Seorang ketua penjaga pun menghampiri Papa Surya memberitahu padanya bahwa prosesi pemakaman telah siap. Papa Surya pun memberikan intruksi padanya bahwa untuk segera memulainya. Hal itu dilakukan oleh Papa Surya agar Mama Amara jauh lebih tenang dan bisa menerima semua keadaan ini kalau memang Andra telah tiada.
"Permisi, Tuan Besar. Saya ingin menyampaikan bahwa prosesi pemakaman Tuan Muda Andra telah selesai di siapkan," ucap ketua penjaga yang melapor.
Papa Surya pun melirik Mama Amara dan berkata, "Baiklah, cepat segera lakukan prosesi pemakamannya. Agar Andra bisa pergi lebih tenang."
"Baik, Tuan Besar."
Melihat ketua penjaga membawa sebuah figura besar yang terdapat foto Andra di dalamnya. Serta rangkaian bunga putih yang berjajar menyatu menjadi sebuah kalung yang di lingkarkan pada figura itu. Mama Amara pun membuka mulutnya dan menatapnya dengan sayu, keseimbangan tubuhnya pun mulai tidak seimbang.

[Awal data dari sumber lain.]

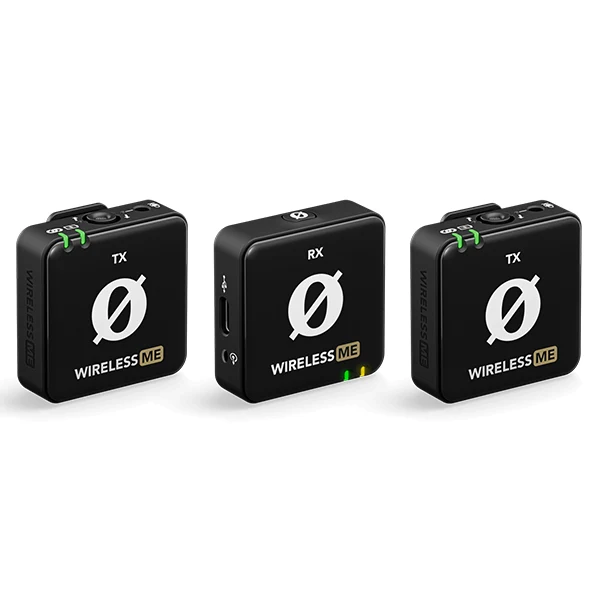 RODE Wireless ME Dual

"Tidak," seru Mama Amara lirih.
"Kau harus ikhlas, ya! Biarkan Andra pergi dengan tenang," ucap Papa Surya lirih sembari memegang pundak istrinya menahannya agar tidak tumbang.
"A-a-andra," seru Mama Amara lirih sembari terbata.
'Andra … aku tidak menyangka kau akan pergi secepat ini. Aku bahkan belum membalaskan dendamku padamu, tapi kau justru telah lebih dulu pergi. Aku sudah memaafkan kesalahanmu dulu di masa lalu karena bagaimana pun kau telah tiada dan aku juga meminta maaf jika kehadiraanku dalam hidupmu.' Batin Clara sembari menatap peti mati Andra dengan raut wajah sedih.
Prosesi pemakaman Andra akan segera di mulai, ketua penjaga pun mulai melangkah keluar dari Kediaman Mahardika. Namun, langkah kakinya terhenti setelah ada sosok pria yang tengah menghadangnya di depan. Sosok pria itu mengenakan masker, pakaiannya sangat biasa bisa terbilang seperti orang desa.
"Berhenti!" seru sosok pria yang menghadang langkah dari ketua penjaga.
"Siapa kau? Kenapa kau menghalangi jalanku?" tanya ketua penjaga itu.
Sosok pria bertubuh kekar itu pun menatap ke seluruh penjuru ruangan. Matanya terfokus pada peti mati yang bertuliskan nama 'Andra' yang kini telah di angkat oleh beberapa penjaga. Setelah terdiam sejenak mengamati peti mati itu lalu dia melihat ke arah Mama Amara dan juga Papa Surya. Matanya sayu ia menatap Mama Amara tangannya pun mulai membuka masker penutup wajahnya.
Sosok pria itu membuka maskernya membuat semua orang yang ada dalam ruangan itu sangat terkejut. Bagaimana tidak sosok yang sudah tiada kini terlihat masih hidup di hadapan mereka semua. Senyuman terbit di wajah sosok pria misterius itu yang wajahnya mirip dengan Andra.
"Andra …," seru Mama Amara sembari tersenyum bahagia.